**PROBLEM TO WORK ON**: Take the entries below and reproduce exactly the portion that begins at the line containing "Аккумулятор для ноутбука" and ends at the line containing "2025 INFINITI QX60 Pure AWD", keeping both ends, dropping pictures, and adding nothing else.

**RECORDS TO USE**:
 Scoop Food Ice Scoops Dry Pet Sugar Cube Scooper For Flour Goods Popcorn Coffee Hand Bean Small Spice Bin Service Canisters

--

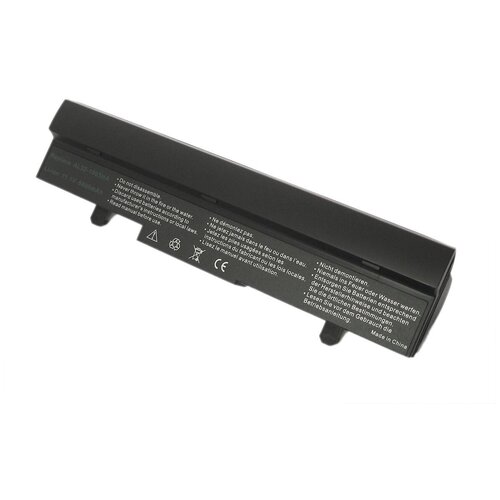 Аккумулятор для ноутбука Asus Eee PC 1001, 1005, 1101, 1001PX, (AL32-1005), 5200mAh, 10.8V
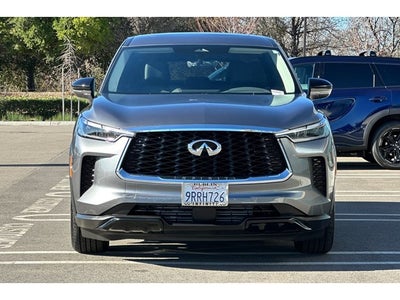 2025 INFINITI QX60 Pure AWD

* * *

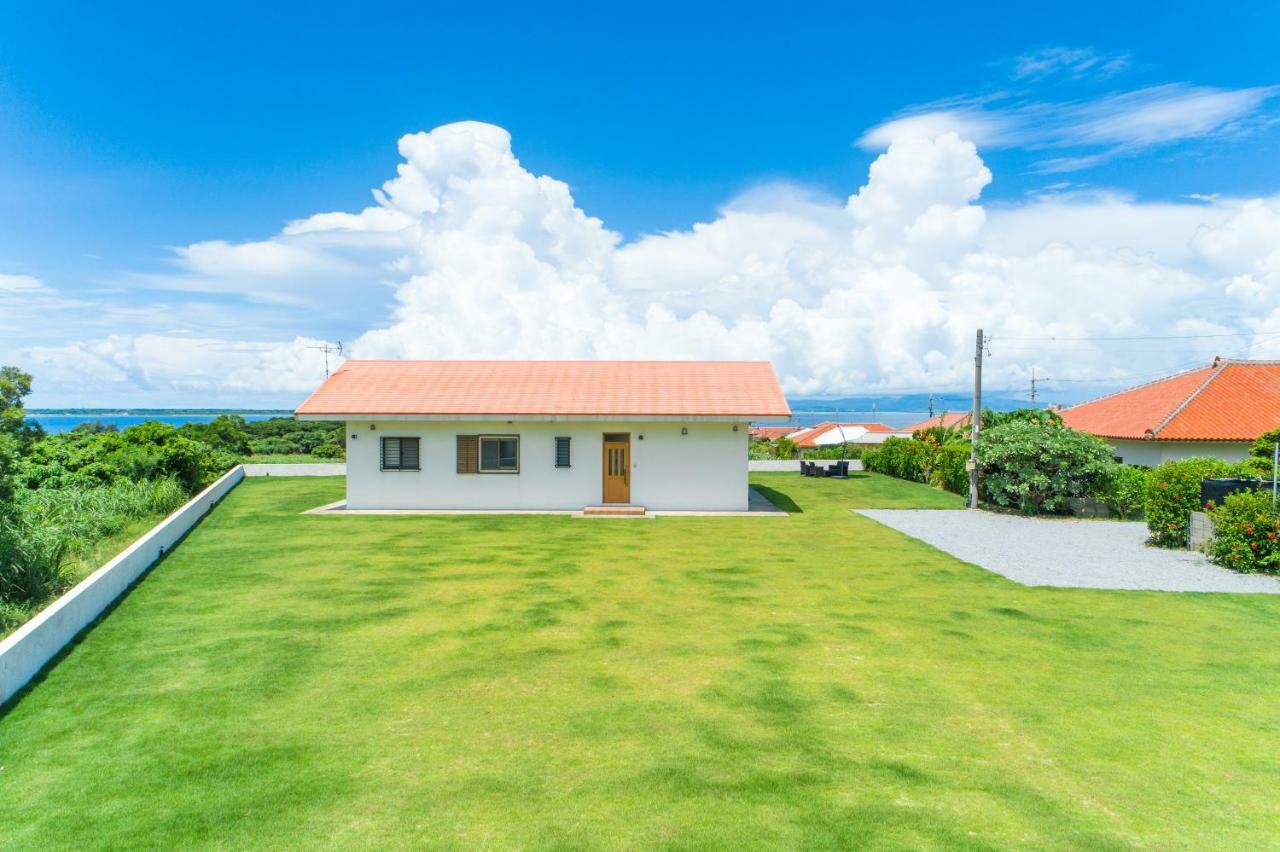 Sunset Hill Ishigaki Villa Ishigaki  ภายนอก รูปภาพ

**YOUR SOLUTION**:
 Аккумулятор для ноутбука Asus Eee PC 1001, 1005, 1101, 1001PX, (AL32-1005), 5200mAh, 10.8V
 2025 INFINITI QX60 Pure AWD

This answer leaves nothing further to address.